Create the Log Analytics Custom Table
After the endpoint is created, go back to your Log Analytics Workspace, you drill into “Tables” and click Create > New Custom Log (Direct Ingest)
You can set a name for the table, select “Analytics”, create a new data collection rule, and click “Next”
After clicking next, you upload the JSON file found here
It looks like this:
{
"streamDeclarations": {
"Custom-Json-SecureBootServicing_CL": {
"columns": [
{
"name": "TimeGenerated",
"type": "datetime"
},
{
"name": "Hostname",
"type": "string"
},
{
"name": "RegistryPath",
"type": "string"
},
{
"name": "UEFICA2023Status",
"type": "string"
},
{
"name": "WindowsUEFICA2023Capable",
"type": "string"
},
{
"name": "KEK_Thumbprint",
"type": "string"
},
{
"name": "KEK_IssueDate",
"type": "datetime"
},
{
"name": "KEK_ExpirationDate",
"type": "datetime"
}
]
}
}
}Once done, you just click “Next” and “Create” to finish creating that custom table.
After finished, go into the Data Collection Rule” and document your immutable ID you will need for the script later:
Drill into Configuration > Data Sources and document the Stream Name, for your script.
Create the App Registration
Now, you go to App Registrations and click “New Registration”
Name it and click “Register”
Document the App ID and the Tenant ID. Once done, go to certificates & secrets to create the client secret for your PowerShell script.
From there, just click “New Client” secret, follow the prompts and document the client secret:
Grant Permissions to the Data Collection Rule
Drill into the Data Connection Rule and the Access Control (IAM) section to grant the role assignment to the App Registration you just created and click Add > Add role assignment.
Select the “Monitoring Metrics Publisher”:
Add your app registration and click “Review and Assign”
Test the Log Analytics Script Locally
You can download my Log Analytics script here.
Simply, copy the script locally, and update the variables below with information you have collected in the previous steps.
$TenantId = "" # Entra ID tenant (Directory) ID (You collected this from the App Registration)

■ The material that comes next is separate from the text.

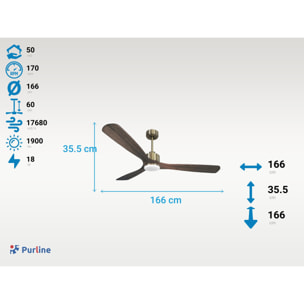 Ventilateur de plafond Réversible  Thermostat Dimmable Wifi Moteur à courant continu Toits en pente Télécommande Lumière à trois tons Mémoire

$ClientId = "" # App registration (Application) ID (You collected this from the App Registration)
$Secret = "" # Client secret VALUE (You collected this from the App Registration)
$DceLogsIngestionUri = "" (This was from the Data Collection Endpoint you collected earlier)
$DcrImmutableId = "" (You grabbed this from the Data Collection Rule earlier).
$StreamName = "" (You grabbed this from the Data Collection Rule earlier).Run it and see the magic happen:
Once you run it, it will take a few minutes and then you can see it in your log analytics workspace:
Deploy Log Analytics Script via Intune
Now, you just need to save your script and deploy it as a platform script here
First, name the script, upload it, and set the settings like this:
After that, assign to all devices and deploy!
Shortly after, you will start seeing those sweet devices coming in with this easy query:
SecureBootServicing_CL
| where ingestion_time() > ago(24h)
| order by ingestion_time() desc
| take 50
Final Thoughts
Be sure to let me know what you think and leaves some comments below!
I thought overall it was an interesting exercise to create my own log analytics workspace and write things to it, which can be used for many different purposes.
You can also create new Data Collection Rules (DCRs) and build your own JSON schema if the DCRs I made aren’t useful or working like you expect. Replication can be a little annoying sometimes when you grow the schema. A good rule of thumb I learned is if stuff isn’t writing to your workspace properly, it is likely the schema or how it’s formatted.